Undervalued Practices in ML/AI, Part 1: Getting Started

Posted by Q McCallum on 2021-03-22

This post part of a series on undervalued practices in ML/AI:

This post is one in a series on undervalued practices in ML/AI:

  • Introduction
  • Part 1: Getting started with ML/AI (this post)
  • Part 2: Hiring and Team Structure
  • Part 3: Planning projects
  • Part 4: Project Execution

1 - Develop a plan.

That is, formulate a data strategy or road map that outlines what projects you’ll execute, whom you’ll hire, and when you will (or will not) take those steps. You’re less likely to stumble if you know the road ahead.

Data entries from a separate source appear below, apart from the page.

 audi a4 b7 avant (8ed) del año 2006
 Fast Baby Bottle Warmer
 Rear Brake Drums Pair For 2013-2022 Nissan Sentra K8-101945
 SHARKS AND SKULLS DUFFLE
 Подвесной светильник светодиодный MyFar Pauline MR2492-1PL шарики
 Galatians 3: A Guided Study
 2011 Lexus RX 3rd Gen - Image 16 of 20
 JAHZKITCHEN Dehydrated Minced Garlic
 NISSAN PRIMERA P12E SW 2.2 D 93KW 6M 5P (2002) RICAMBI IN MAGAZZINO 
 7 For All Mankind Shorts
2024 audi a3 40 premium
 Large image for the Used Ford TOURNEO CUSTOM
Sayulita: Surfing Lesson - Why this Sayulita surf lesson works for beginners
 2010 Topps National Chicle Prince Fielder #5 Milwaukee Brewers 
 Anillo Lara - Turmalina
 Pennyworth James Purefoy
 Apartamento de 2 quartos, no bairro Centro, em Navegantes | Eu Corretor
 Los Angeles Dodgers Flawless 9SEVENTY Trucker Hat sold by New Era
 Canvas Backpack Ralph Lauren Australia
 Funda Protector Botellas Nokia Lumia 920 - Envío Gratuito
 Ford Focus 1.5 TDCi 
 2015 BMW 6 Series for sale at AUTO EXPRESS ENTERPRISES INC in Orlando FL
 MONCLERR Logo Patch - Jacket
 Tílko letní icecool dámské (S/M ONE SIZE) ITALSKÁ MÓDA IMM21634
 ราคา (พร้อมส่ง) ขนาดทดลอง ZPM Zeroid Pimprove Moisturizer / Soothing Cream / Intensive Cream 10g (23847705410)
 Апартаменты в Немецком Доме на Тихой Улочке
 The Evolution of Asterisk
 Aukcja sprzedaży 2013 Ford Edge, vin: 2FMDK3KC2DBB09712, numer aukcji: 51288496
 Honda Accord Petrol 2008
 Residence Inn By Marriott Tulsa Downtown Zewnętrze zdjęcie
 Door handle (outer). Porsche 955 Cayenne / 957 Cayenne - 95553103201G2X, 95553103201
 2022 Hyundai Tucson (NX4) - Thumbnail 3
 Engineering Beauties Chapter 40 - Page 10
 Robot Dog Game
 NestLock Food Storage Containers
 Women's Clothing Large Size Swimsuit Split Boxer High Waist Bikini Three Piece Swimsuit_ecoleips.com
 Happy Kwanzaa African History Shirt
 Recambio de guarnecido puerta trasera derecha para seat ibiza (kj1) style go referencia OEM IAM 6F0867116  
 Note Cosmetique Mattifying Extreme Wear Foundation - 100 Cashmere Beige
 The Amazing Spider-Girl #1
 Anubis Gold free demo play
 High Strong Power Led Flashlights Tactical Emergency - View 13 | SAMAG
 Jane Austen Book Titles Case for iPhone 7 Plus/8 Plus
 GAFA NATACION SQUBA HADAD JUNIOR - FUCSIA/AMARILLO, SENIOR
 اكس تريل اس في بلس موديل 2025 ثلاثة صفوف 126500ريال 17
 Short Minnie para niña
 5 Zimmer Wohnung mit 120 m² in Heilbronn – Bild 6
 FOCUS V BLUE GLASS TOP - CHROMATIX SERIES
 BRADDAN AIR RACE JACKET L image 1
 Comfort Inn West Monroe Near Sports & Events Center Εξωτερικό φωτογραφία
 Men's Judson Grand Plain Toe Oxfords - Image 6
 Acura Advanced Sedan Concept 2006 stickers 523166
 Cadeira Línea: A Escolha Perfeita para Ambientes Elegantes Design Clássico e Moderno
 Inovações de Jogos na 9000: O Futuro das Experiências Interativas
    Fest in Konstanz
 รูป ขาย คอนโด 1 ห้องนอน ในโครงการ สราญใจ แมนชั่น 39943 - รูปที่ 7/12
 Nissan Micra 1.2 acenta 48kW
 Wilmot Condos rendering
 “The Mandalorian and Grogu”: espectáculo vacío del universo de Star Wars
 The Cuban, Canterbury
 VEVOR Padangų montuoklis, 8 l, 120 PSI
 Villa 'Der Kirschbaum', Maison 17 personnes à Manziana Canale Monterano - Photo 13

Plenty of companies have an industry reputation for their AI work, so you might be tempted to copy whatever they have done instead of developing your own data strategy. Unless you’re solving those other companies’ exact same problems, under the exact same market conditions, and with the exact same data, it’s unlikely that you’ll be able to succeed in the exact same way.

When you develop your road map, you’d do well to focus on you by making plans specific to your company, your needs, your challenges, and your opportunities.

2 - Talk to someone who knows.

Don’t develop that data strategy in isolation. Work with someone who has deep knowledge of both ML/AI and business models to translate your company’s goals and challenges into use cases.

You can certainly talk to me about this. Or you can find a different data strategy consultant. You can even reach out to a trusted, experienced data scientist colleague in your network. Whomever you ask, this person should come with questions, open ears, and an open mind. They’ll need to hear your story and explore your company in order to help you achieve success.

(Given that, beware anyone who offers a prepackaged, one-size-fits-all solution that involves more of them pitching their story than hearing yours.)

You should leave those conversations with a realistic picture of what is possible in ML/AI, and an understanding of whether this is even the proper fit for your company right now. It may be a let-down to hear that your company should wait a year or two before getting serious with ML/AI, yes. That’s still better than losing money by investing too early.

3 - Develop that data strategy before you hire your first data scientist.

You want your first data hire to hit the ground running in the short term, and to prepare them for as many wins as possible. You’ll boost their chances of success – ergo, your chances of success – by handing them a realistic road map on their first day.

Some companies try to cut corners by hiring the data scientist and tasking them with developing the data strategy. How can you tell whether you even need a data scientist, much less what skills they should possess, until you have … developed that data strategy? You may call this a real chicken-and-egg problem. I prefer to describe it as “almost always a terrible idea.”

(Occasionally, companies will even try to use data scientist job interviews as a way to develop their data strategy. Not only is this unprofessional and unethical, it’s also unlikely to yield meaningful results.)

People sometimes resist developing a data strategy, because they “have a hunch” or “just know that ML/AI is a fit.” I definitely agree that you should trust your gut … so long as it’s not a substitute for making a formal plan.

4 - Spread data literacy throughout the company.

ML/AI does not live in isolation; it has the potential to touch every aspect of your company. It can lead to amazing success but also reputation-ruining failure.

All of this means that your data scientists cannot be the only people in the company who understand how this all works. Any person who has influence on what your company does, or what services it builds, must have a clear understanding of what is realistic for ML/AI. This most certainly includes the executive team and the product team.

There’s no need for the CEO to take classes such that they can create a working nerual network. (Though, admittedly, that would be interesting.) It does mean that when the data scientists are explaining a model’s performance, or the need for more training data, or that a model isn’t performing as expected, that everyone in that meeting should understand what they mean. No one should hand-wave away any concerns around what the model can achieve, or ethical matters of sourcing data, or anything else.